Top Stories from the Business/Finance pages of the International Herald Tribune,
Wednesday, June 11, 1997

Insert Coin For a Quick Crime Story

Small French Presses Try Novel Marketing


By Brad Spurgeon Special to the Herald Tribune
PARIS - The Paris Metro is not known for crime, but these days it is selling crime wholesale. Crime stories, that is, in the form of 64-page books sold from candy-bar vending machines at the palatable price of 10 francs ($1.75) a volume. A quiet marketing revolution is going on among the small presses devoted to the crime novel, of which the ''Metro-Police'' series is an example.

In a genre dominated by British and American writers, the mystery market in France has traditionally been most lucrative for English translation rights. Translations have been the mainstay since 1927 of the publisher Le Masque, a unit of Matra Hachette SA that is the world's leading seller of Agatha Christie titles outside the English market.

Translations from the American hard-boiled school have kept Editions Gallimard's Serie Noire line thriving since 1945. Several other specialist collections, imprints of larger publishers, have existed for decades and owe their success primarily to translations as well.

But in the past couple of years, small presses have sprung up all over the country, specializing in homegrown murder stories. As with the Metro-Police series, their success has been due to original marketing approaches.

The leading seller among these small presses is Editions Baleine. The company was created in 1995 to publish a new series of crime novels featuring a character whose nickname is Le Poulpe, or the octopus.

Each book is written by a different French crime writer, many of whom are well known here. The writers are asked to maintain their own style while keeping to the characteristics of the main character and his world as outlined in the Poulpe ''Bible,'' a six-page guide.

Jean-Bernard Pouy, the editorial director, has become a bestseller with his book, the first of the series.

''The crime novel survives in France at 8,000 copies,'' he said. ''As soon as you pass 8,000 copies, it's considered a victory. If you arrive at 20,000, you're a recognized writer. If you get to 40,000, you're a star. With 'La Petit Ecuyere a Cafte' of the Poulpe I'm at 40,000. So finally, at 50 years old, I can say I'm a star!''

Each Poulpe has been selling more than 10,000 copies, and there are more than 40 titles in print. A Poulpe film is scheduled to start shooting in France this autumn.

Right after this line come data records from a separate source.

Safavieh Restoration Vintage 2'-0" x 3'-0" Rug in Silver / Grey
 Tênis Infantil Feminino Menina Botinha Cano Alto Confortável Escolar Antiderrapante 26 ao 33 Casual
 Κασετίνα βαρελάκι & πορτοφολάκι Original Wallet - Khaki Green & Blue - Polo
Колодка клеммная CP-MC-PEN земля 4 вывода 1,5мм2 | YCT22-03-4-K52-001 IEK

The hero of the series, whose real name is Gabriel Lecouvreur, is a Raymond Chandler-style character who goes around trying to solve crimes or correct injustices

and taking swipes at the extreme right in France in the process.

Because of Le Poulpe's success, Baleine created another series starring Le Poulpe's girlfriend, Cheryl, and written entirely by women. The publisher now projects a similar series in the science-fiction field for next year.

Another small press with an original packaging idea involving two kinds of crime writers is Editions de la Loupiote. Francois Braud, its director, attended several crime-writing festivals and met many writers, both well known and unpublished.

''I read a lot of good writing by the unpublished writers and thought maybe I could do something to help them get published,'' he said.

So he created his ''Zebra'' collection that packages under one cover a story by a well-known writer and one by a previously unpublished, unknown writer.

''That way,'' he said, ''the customer buys a proven writer and has a discovery to make at the same time.''

The Metro-Police collection features a mix of established and obscure writers. Olivier Breton, director of the small-press Editions de la Voute, conceived of the idea to sell the books as reprints of 1930 French pulp stories.

But after signing a contract with the vending-machine company Selecta, he decided to promote current French crime writers, too.

Since the series began selling in the Metro in early March, he has published stories in alternate weeks by writers reprinted from the 1930s and by current writers.

New titles appear every Tuesday in 139 vending machines and have been selling 3,000 copies a week. The publisher foresees eventual sales of 6,000 as more vending machines carry the novellas. Because the new releases replace the old ones, the publisher has been receiving calls from readers who want to buy up all the volumes they missed before they discovered the collection. Many have been sold out.

Gerard Delteil, the editorial director, said all subjects are permitted in the stories with one exception: ''insecurity and bombings in the Metro.'' These were vetoed in advance by the Metro authority, the RATP.